*** AVAILABLE DATA Section Begins ***
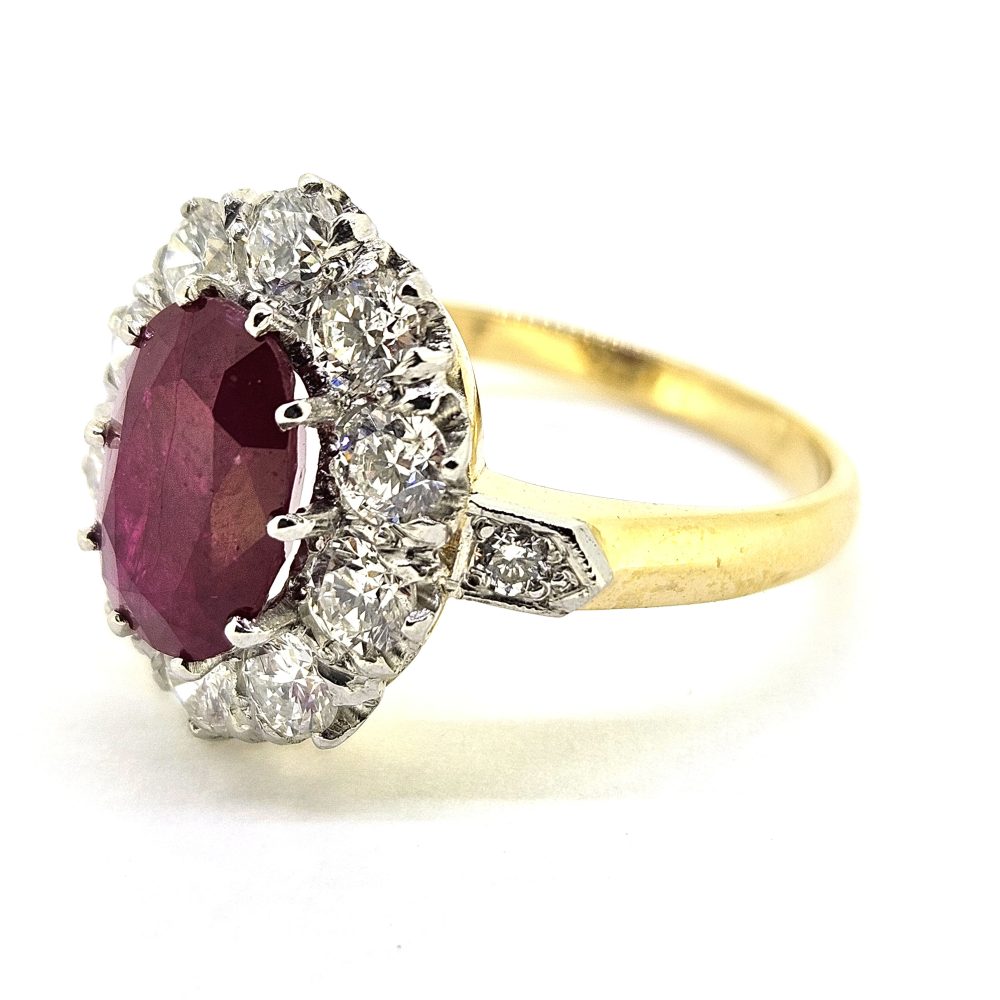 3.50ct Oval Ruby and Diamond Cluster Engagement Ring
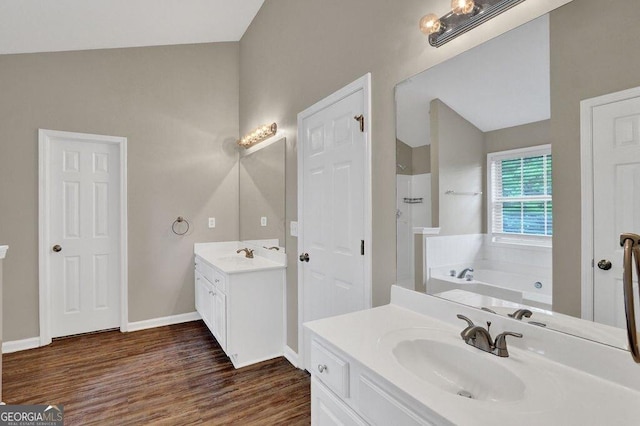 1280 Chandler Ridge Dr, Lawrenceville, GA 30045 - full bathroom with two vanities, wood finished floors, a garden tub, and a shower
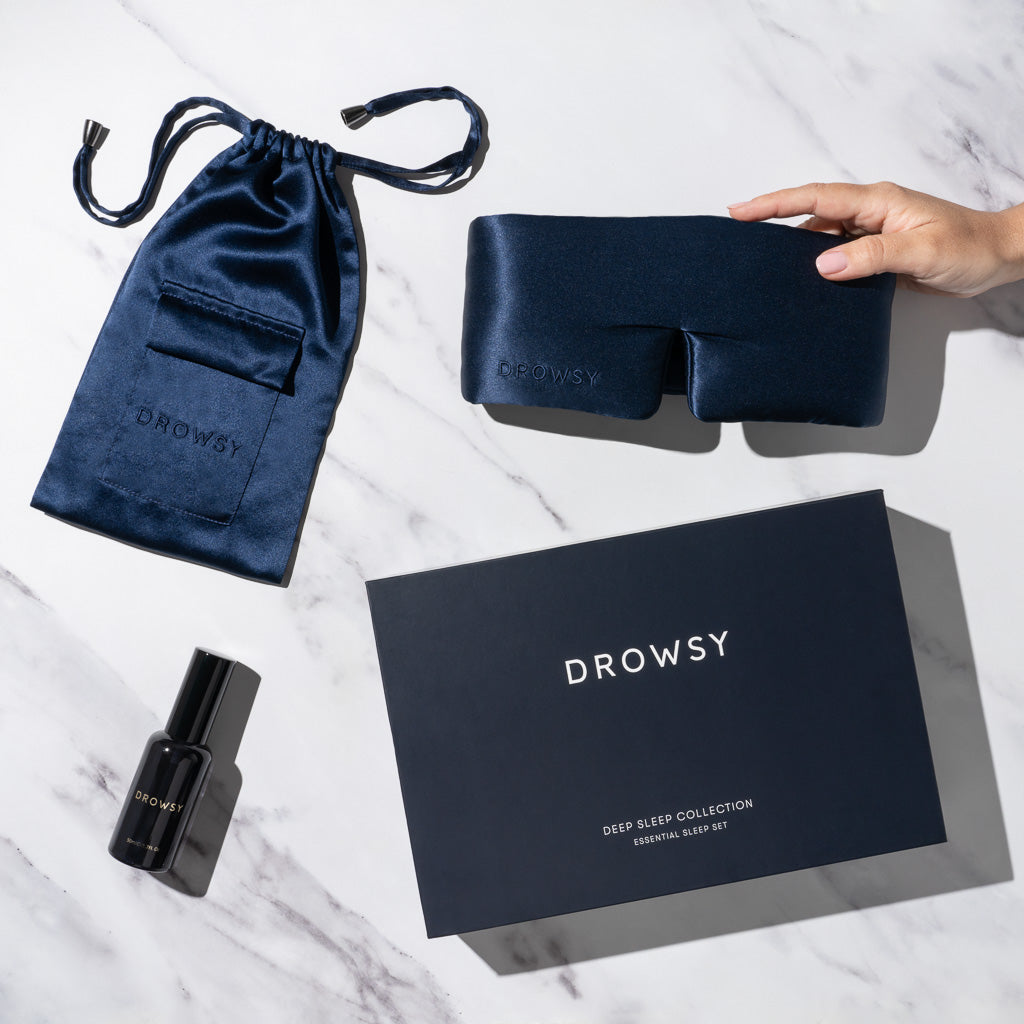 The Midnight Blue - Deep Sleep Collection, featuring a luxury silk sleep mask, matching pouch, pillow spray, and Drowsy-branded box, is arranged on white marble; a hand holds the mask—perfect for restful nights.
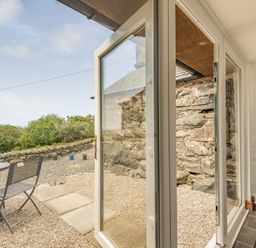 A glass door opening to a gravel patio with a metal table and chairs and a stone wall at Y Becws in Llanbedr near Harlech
*** AVAILABLE DATA Section Ends ***
• [REQUIRED WORK] With the pictures removed, set down the entire listing exactly.

• [RESPONSE AREA]
 3.50ct Oval Ruby and Diamond Cluster Engagement Ring
 1280 Chandler Ridge Dr, Lawrenceville, GA 30045 - full bathroom with two vanities, wood finished floors, a garden tub, and a shower
 The Midnight Blue - Deep Sleep Collection, featuring a luxury silk sleep mask, matching pouch, pillow spray, and Drowsy-branded box, is arranged on white marble; a hand holds the mask—perfect for restful nights.
 A glass door opening to a gravel patio with a metal table and chairs and a stone wall at Y Becws in Llanbedr near Harlech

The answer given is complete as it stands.